House of the Dragon season 2 leans into "the formula of Game of Thrones"
By Dan Selcke
The second season of House of the Dragon approaches, and the cast and crew are hyping their hearts out. A bunch of them hit the Green Carpet at the premiere in New York City earlier this week and teased why we should tune in.
The first season of House of the Dragon felt like Game of Thrones in that it was about power-hungry royals battling for supremacy, but it distinguished itself from its parent series by drilling down on one family, the Targaryens, and jumping forward in time at several points through the season.
Now that we've met all the characters and a war between Rhaenyra Targaryen (Emma D'Arcy) and her half-brother Aegon (Tom Glynn-Carney) seems inevitable, the pacing will slow down. There won't be any more time jumps, but we will explore a lot more of the Seven Kingdoms as the war gets underway. According to Matt Smith (Daemon Targaryen), that means season 2 feels more like the progenitor show. “This time, I suppose it leans into the formula of Game of Thrones of old, where you’re out exploring different worlds and pockets of the world of Westeros," he told Deadline.
Because the characters are spread out, they won't always share the screen with their season 1 scene partners. Smith and D'Arcy will spend less time together, for instance. “I missed them terribly because I love being around them; not only are they a wonderful actor, they’re a wonderful person to sort of knock about with every day," Smith told The Hollywood Reporter. "So I missed them, but it was what the story required. Daemon is off on his own path trying to figure things out, kind of head first into the dark hole of his own consciousness, into the abyss, and I think Rhaenyra feels a great sense of betrayal.”

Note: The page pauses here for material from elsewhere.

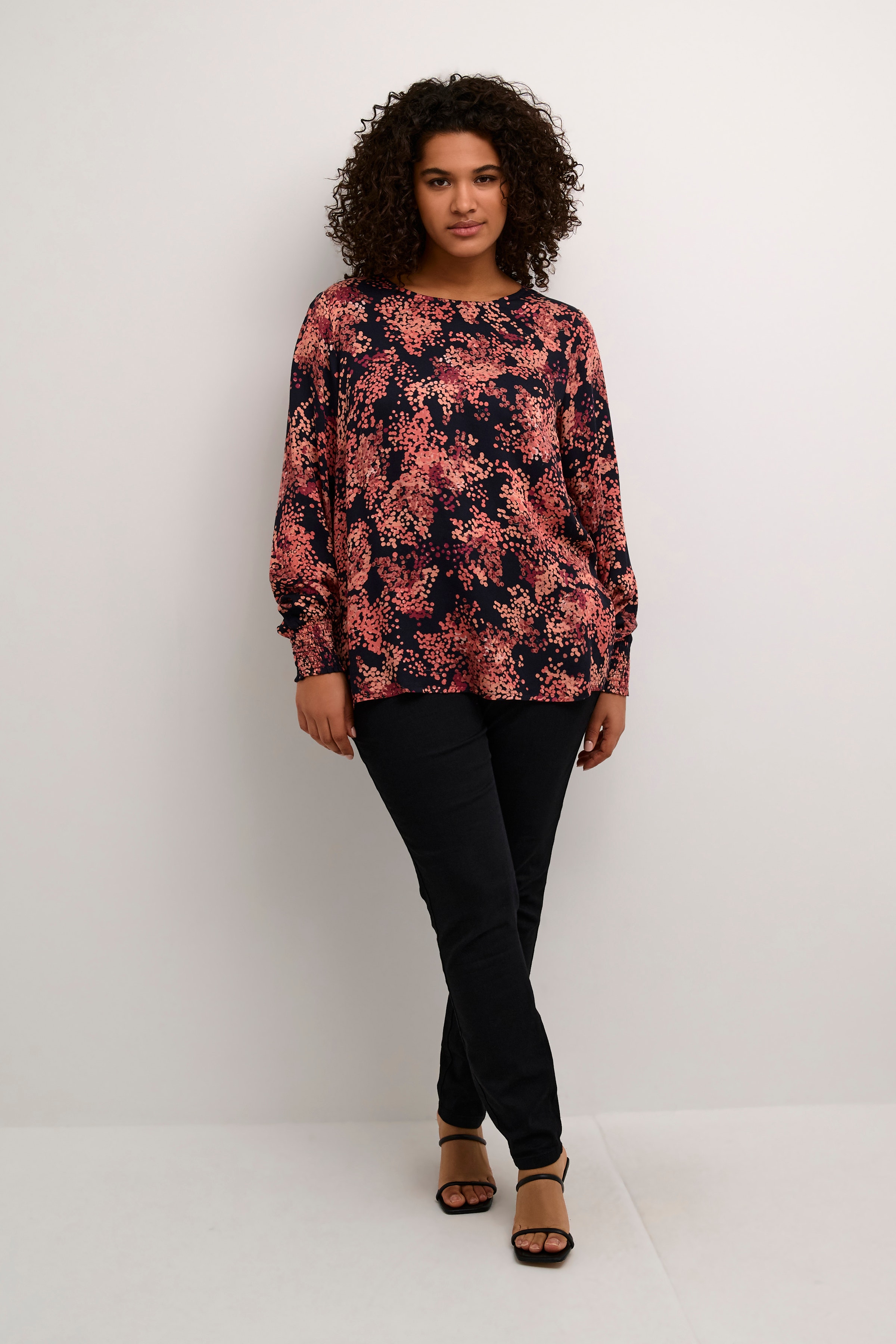 KCjeanetta Blouse LOOKBOOK FRONT 10582625-103570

As for D'Arcy, they identified grief as "a huge motor of this season"; remember that Rhaenyra lost her son to her enemies at the end of season 1, and she'll be looking for payback. There will be lots of losses on both sides of the war.
D'Arcy was able to tap their own personal experience of grief to explore Rhaenyra's. “I did try to seek the good in being invited to reflect on what grief does to the body, to relationships, to one’s desire, to one’s psyche…,” they said. “Part of the magic the [writing team] has constructed this season just how enmeshed the personal emotion is with the political designs. That for me is when the show really ticked.”
D'Arcy will miss the opportunity to play lots of scenes opposite Smith and Olivia Cooke (Alicent Hightower), but it sounds like working with the rest of the large cast makes up for it. “There’s so many beautiful actors on the show, it’s an ever-mutating thing. Certainly, I think it’ll make the active viewership kind of more exciting because there are so many parts to the series that I’ve not had the chance to watch yet. So I get to watch as sort of a pure fan, these other narrative strands," D'Arcy said. "[S]hows have to move on, I think that’s what keeps it exciting, and there are different gravitational pulls this season for [Rhaenyra].”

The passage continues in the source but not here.